[AIM OF THE EXERCISE]
Copy out each record that follows exactly, and omit any picture you find.

[DATA PROVIDED]
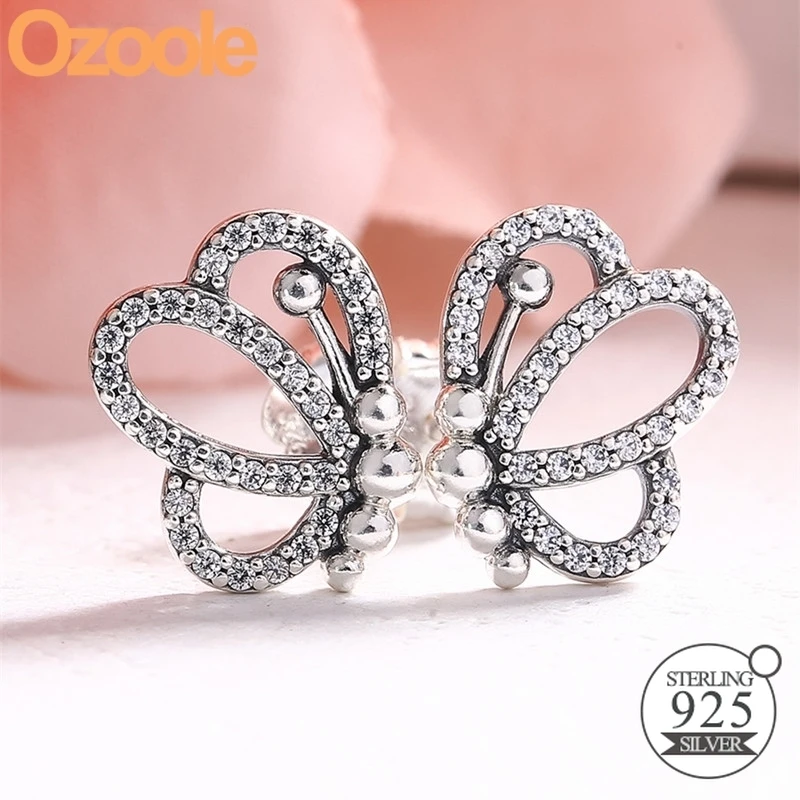 

2019 Authentic 925 Sterling Silver Openwork Butterfly Outlines Stud Earrings Fit European Charm Original Jewelry Women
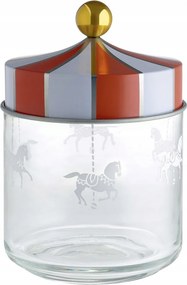 Alessi Circus Üveg konyhai tartály 0,75 l fém fedéllel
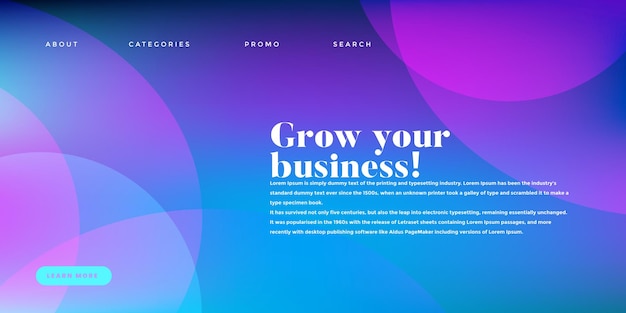 vector Gradient abstract landing page design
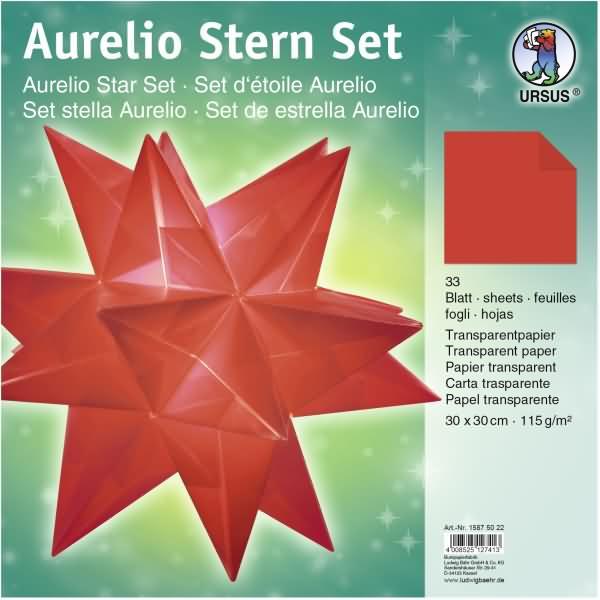 Ursus, Bastelpapier, Faltblätter Aurelio Stern Transparentpapier 115g/qm 30x30cm 33 Blatt rot (115 g/m², 33 x)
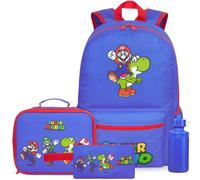 Get Trend Super Mario Zaino Bambino Set 4 Pezzi, Zaino per Bambini, Borraccia 500ml, Astuccio e Borsa Termica Porta Pranzo, Idee Regalo (Blu/Rosso Mario)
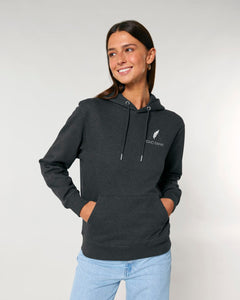 Roho Rafiki® branded hoodie - (Unisex). Vegan. Material: 85% Organic ring-spun Combed Cotton, 15% Recycled Polyester. Brushed cotton unisex hooded sweatshirt. Double layered hood in self fabric. Round drawcords in matching body colour with metal tipping. Metal eyelets. Kangaroo pocket at front. Dark Heather Grey. #RafikiSoul
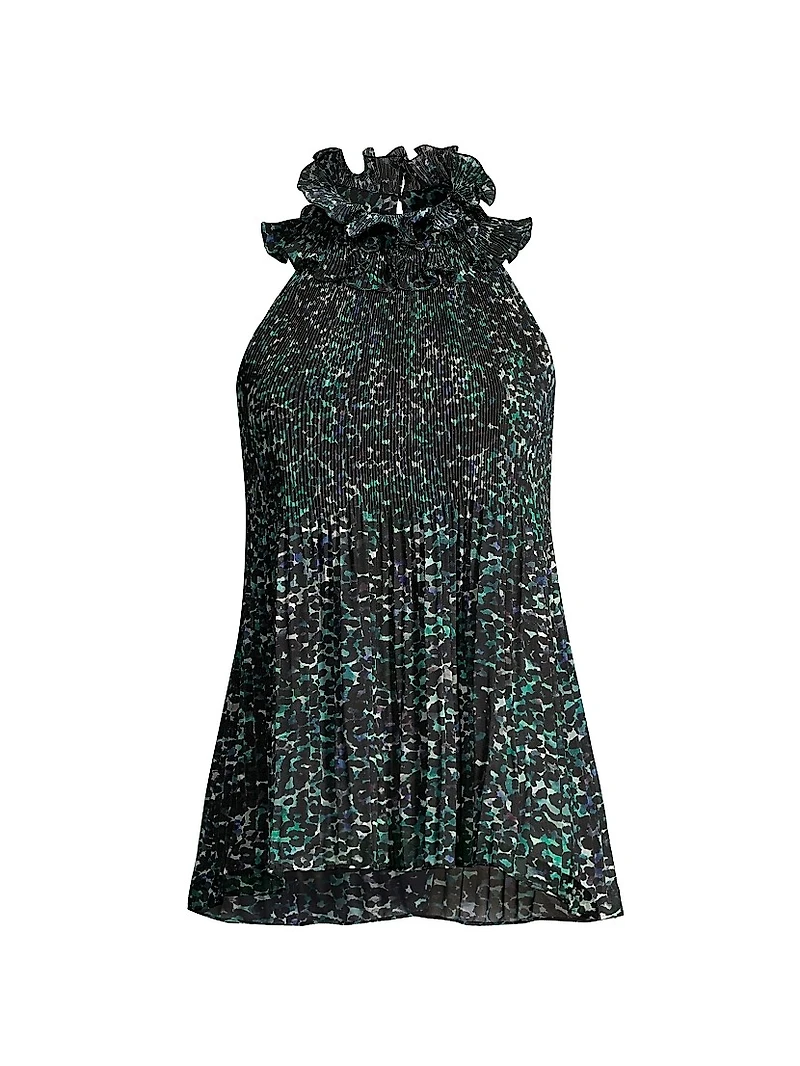 Emery Printed Ruffle Halter Blouse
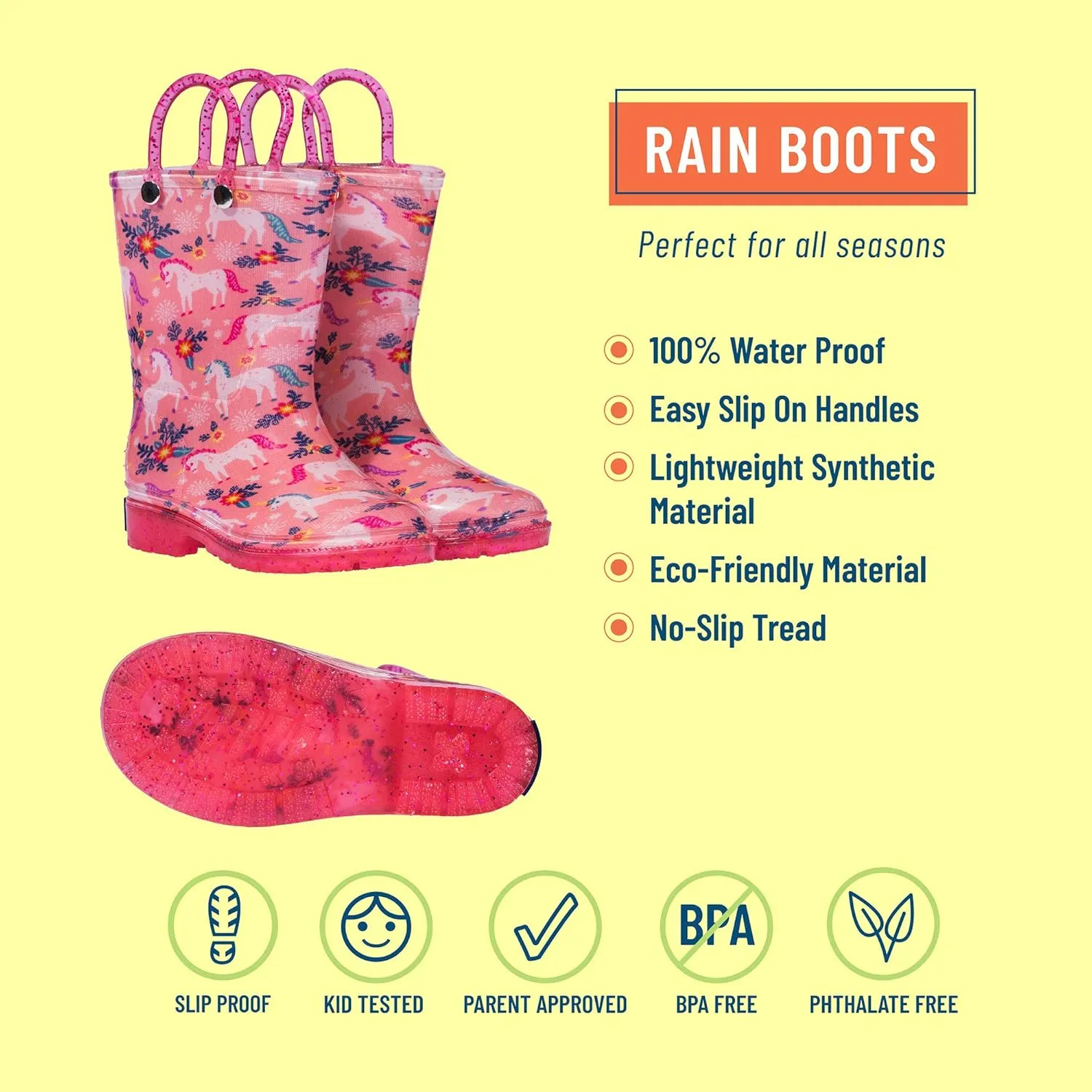 Wildkin Kids Rain Boots  100% Waterproof with Slip-Resistant Tread & Easy Pull Handles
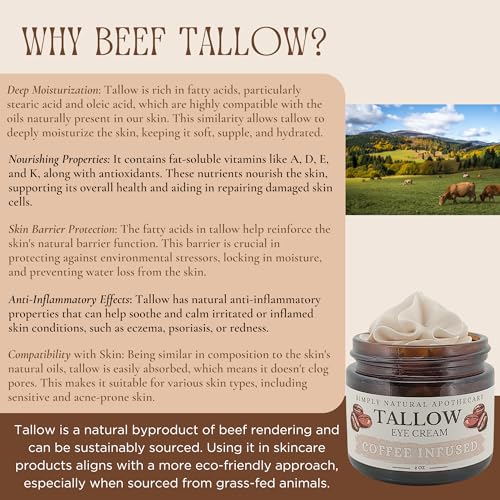 Grass-Fed Beef Tallow Eye Cream Infused with Coffee Beans - Rosehip Oil, Vitamin E - All Natural & Organic - Chemical Free - Non Toxic - Whipped - 1 oz Amber Glass Jar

[REPLY TO THE TASK]
2019 Authentic 925 Sterling Silver Openwork Butterfly Outlines Stud Earrings Fit European Charm Original Jewelry Women
 Alessi Circus Üveg konyhai tartály 0,75 l fém fedéllel
 vector Gradient abstract landing page design
 Ursus, Bastelpapier, Faltblätter Aurelio Stern Transparentpapier 115g/qm 30x30cm 33 Blatt rot (115 g/m², 33 x)
 Get Trend Super Mario Zaino Bambino Set 4 Pezzi, Zaino per Bambini, Borraccia 500ml, Astuccio e Borsa Termica Porta Pranzo, Idee Regalo (Blu/Rosso Mario)
 Roho Rafiki® branded hoodie - (Unisex). Vegan. Material: 85% Organic ring-spun Combed Cotton, 15% Recycled Polyester. Brushed cotton unisex hooded sweatshirt. Double layered hood in self fabric. Round drawcords in matching body colour with metal tipping. Metal eyelets. Kangaroo pocket at front. Dark Heather Grey. #RafikiSoul
 Emery Printed Ruffle Halter Blouse
 Wildkin Kids Rain Boots  100% Waterproof with Slip-Resistant Tread & Easy Pull Handles
 Grass-Fed Beef Tallow Eye Cream Infused with Coffee Beans - Rosehip Oil, Vitamin E - All Natural & Organic - Chemical Free - Non Toxic - Whipped - 1 oz Amber Glass Jar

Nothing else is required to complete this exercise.